Des indicateurs économiques en berne, des incertitudes sur les conséquences du Brexit dont l’échéance a encore été reportée et des tensions commerciales entre les Etats-Unis et la Chine dans un environnement favorisant une certaine forme de protectionnisme : autant de facteurs qui ont contribué à largement entamer l’optimisme des années précédentes dans le domaine du M&A, confronté à un léger ralentissement de l’activité. Dans un tel contexte, la 7e édition de l’étude sur les perspectives du marché européen des fusions-acquisitions, publiée par CMS en collaboration avec Mergermarket en septembre 20191, dresse un bilan en demi-teinte.
Par Laurent Hepp, avocat associé en fiscalité et membre de l’Executive Committee de CMS. Il intervient tant en matière de fiscalité des entreprises et groupes de sociétés qu’en fiscalité des transactions et private equity. laurent.hepp@cms-fl.com et Arnaud Hugot, avocat associé en corporate/fusions & acquisitions. Il assiste des industriels, des fonds d’investissement et des managers dans le cadre de tous types d’opérations de fusion-acquisition et de private equity, tant nationales qu’internationales. arnaud.hugot@cms-fl.com
En parallèle du ralentissement du marché européen du M&A qui s’élève en valeur à 652,2 milliards d’euros (soit une baisse de 22 % sur un an), l’étude relève que les dirigeants interrogés redoutent un ralentissement du rythme des transactions : près de la moitié des sondés (45 %) déclarant ne pas du tout envisager de procéder à des opérations de fusion-acquisition, contre 28 % l’an dernier. Par ailleurs, 73 % des personnes interrogées anticipent une baisse d’activité en Europe ou, à tout le moins, qu’elle n’augmente pas d’ici l’an prochain. Même ceux qui envisageaient activement des opérations adoptent désormais une attitude assez défensive, axée sur les désinvestissements et les acquisitions plus modestes, plutôt que sur les transactions transformatrices qui ont caractérisé le marché au cours des dernières années. Les répondants rationalisent leurs organisations – se concentrant sur leurs activités principales et sur les marchés locaux – et, souvent, n’envisagent d’acquérir que lorsque la cible détient des technologies spécifiques ou une propriété intellectuelle stratégique, ou offre une opportunité d’investir à un niveau de valorisation intéressant. Dans ce contexte, la majorité des personnes interrogées (95 % des dirigeants) augure d’un regain d’activité pour les opérations portant sur des entreprises en restructuration.

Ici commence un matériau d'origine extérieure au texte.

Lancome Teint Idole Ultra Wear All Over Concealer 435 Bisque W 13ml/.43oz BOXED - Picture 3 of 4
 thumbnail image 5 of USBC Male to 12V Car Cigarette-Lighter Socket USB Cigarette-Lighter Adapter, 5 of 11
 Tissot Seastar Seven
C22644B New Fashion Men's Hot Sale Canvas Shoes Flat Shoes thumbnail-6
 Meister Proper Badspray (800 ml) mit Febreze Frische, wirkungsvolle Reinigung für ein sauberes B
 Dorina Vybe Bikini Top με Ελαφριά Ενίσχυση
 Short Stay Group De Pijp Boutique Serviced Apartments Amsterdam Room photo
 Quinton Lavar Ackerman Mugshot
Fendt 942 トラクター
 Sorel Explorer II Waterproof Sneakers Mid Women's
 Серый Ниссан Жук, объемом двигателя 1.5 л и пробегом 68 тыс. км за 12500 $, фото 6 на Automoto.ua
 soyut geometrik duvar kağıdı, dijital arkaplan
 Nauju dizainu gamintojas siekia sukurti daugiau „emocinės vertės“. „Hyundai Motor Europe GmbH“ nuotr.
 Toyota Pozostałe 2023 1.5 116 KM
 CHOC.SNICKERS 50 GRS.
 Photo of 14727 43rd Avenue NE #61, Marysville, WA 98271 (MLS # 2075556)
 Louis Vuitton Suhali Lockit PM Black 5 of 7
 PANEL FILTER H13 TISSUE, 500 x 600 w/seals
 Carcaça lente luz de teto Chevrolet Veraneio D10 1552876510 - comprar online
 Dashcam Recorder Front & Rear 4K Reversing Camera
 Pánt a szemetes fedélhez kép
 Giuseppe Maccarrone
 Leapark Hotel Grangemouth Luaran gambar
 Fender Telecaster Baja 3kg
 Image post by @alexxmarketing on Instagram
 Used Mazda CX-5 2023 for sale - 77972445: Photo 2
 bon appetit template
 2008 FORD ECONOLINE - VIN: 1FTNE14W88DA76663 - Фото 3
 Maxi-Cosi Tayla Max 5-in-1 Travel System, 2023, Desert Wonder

Au niveau mondial, le montant en valeur des transactions internationales entre le 3e trimestre 2018 et la fin du 2e trimestre 2019, a quant à elle augmenté de 42 % en glissement annuel pour atteindre 3 000 milliards d’euros, sur des volumes en baisse de 10 %. En comparaison sur la même période, les fusions-acquisitions en Europe ont diminué de 32 %, en valeur à 358 milliards d’euros, et de 14 % en volume. Ces chiffres s’expliquent par la domination des Etats-Unis sur le marché du M&A, le pays représentant plus de la moitié (51 %) de la valeur des transactions en 2019, son plus haut niveau jamais enregistré d’après Mergermarket. Au détriment des transactions européennes, de nombreux acheteurs américains semblent en effet s’être repliés sur leurs marchés nationaux en raison de tensions commerciales croissantes entre les Etats-Unis et leurs partenaires.
Les investissements chinois en Europe, qui avaient fortement contribué aux chiffres des fusions-acquisitions ces dernières années, ont par ailleurs baissé à des niveaux jamais vus depuis 10 ans, les préoccupations protectionnistes et de sécurité nationale ayant anéanti la confiance.
En conséquence, la part de l’Europe dans la valeur totale des opérations de M&A dans le monde est passée de 32 % au premier semestre 2018 à seulement 22 % au 1er semestre 2019.
Un peu à contre-courant, en France, le M&A semble cependant offrir une meilleure résistance en 2019, avec une légère augmentation en valeur par rapport à l’an dernier. Les indicateurs pour le pays comptabilisent un total d’opérations à 38,7 milliards d’euros pour 643 transactions au cours des neuf premiers mois de l’année 2019 (contre 687 en 2018), soit une hausse en valeur de 6,7 % par rapport à la même période en 2018, en dépit d’une baisse en volume. L’activité hexagonale tire ainsi son épingle du jeu en restant attrayante pour les investisseurs, avec plus de 10 milliards d’euros de transactions enregistrés pour le 6e trimestre consécutif.
1. Méthodologie de l’étude : analyse des chiffres des opérations de fusion-acquisition sur le marché européen, fondée sur les projections de 230 dirigeants d’entreprises et de fonds de private equity en Europe.